Death, taxes, and hard drive failure. Hang around long enough and you're going to experience all three, it's just a fact of life. To help mitigate the risk of that last one we can use SnapRAID, a free open-source software (FOSS) solution used to create backups of your disk arrays.
I won't go into a detailed explanation of how it works, for now just know its main use case is for digital media libraries and it's not a straight replacement for traditional RAID. If you want to know more about the project check out their website, https://www.snapraid.it.
Now, having said that I can't actually recall ever personally experiencing a hard drive failure [knock on wood]. But like I said, sooner or later it's bound to happen. After setting up an OpenMediaVault (OMV) NAS with UnionFS and SnapRAID I ran the
snapraid smart command and was presented with this ominous report:
SnapRAID SMART report: Temp Power Error FP Size C OnDays Count TB Serial Device Disk ----------------------------------------------------------------------- 34 354 0 4% 10.0 xxxxxxxx /dev/sdc wd10tbB 31 2103 7 99% 4.0 xxxxxxxx /dev/sdd hd2 32 2103 0 6% 4.0 xxxxxxxx /dev/sde hd3 36 353 0 4% 10.0 xxxxxxxx /dev/sdb parity 0 - - SSD 0.0 - /dev/sda - The FP column is the estimated probability (in percentage) that the disk is going to fail in the next year. Probability that at least one disk is going to fail in the next year is 100%.
According to the report there's a 100% probability of a hard drive failure within a year. Looking at the failure probility (FP) column, we can see the culprit is
hd2. Death, taxes, and hard drive failure.

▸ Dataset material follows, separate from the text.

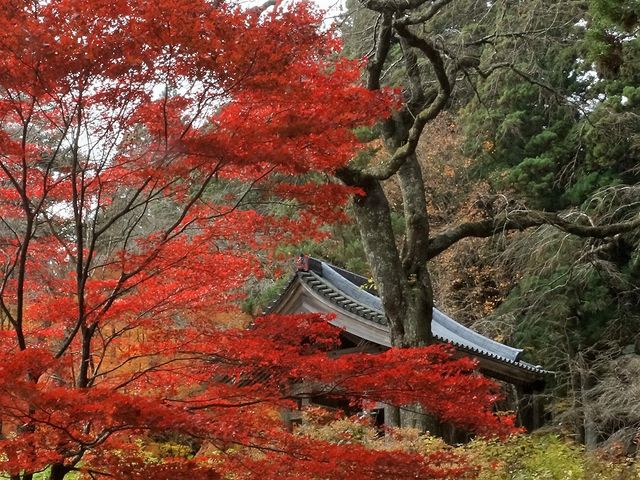 鐘付堂_光前寺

Now Backblaze, a backup service provider with enterprise and consumer solutions, have written a few articles on hard drive failure. The most important thing to note are the SMART values they use to predict hard drive failure. TL;DR - they use the SMART values below:
Vendor Specific SMART Attributes with Thresholds: ID# ATTRIBUTE_NAME FLAGS VALUE WORST THRESH FAIL RAW_VALUE 5 Reallocated_Sector_Ct PO--CK 099 099 010 - 584 187 Reported_Uncorrect -O--CK 093 093 000 - 7 188 Command_Timeout -O--CK 100 092 000 - 14 14 22 197 Current_Pending_Sector -O--C- 100 100 000 - 0 198 Offline_Uncorrectable ----C- 100 100 000 - 0
Admittedly it's been a few months since I discovered this impending failure, and if my memory serves me, the SMART 5 Reallocated Sector Count value hasn't increased. To further summarize the articles above, you want these values to be 0, and the more that are > 0 the worse your situation is. Here we see 3 values > 0.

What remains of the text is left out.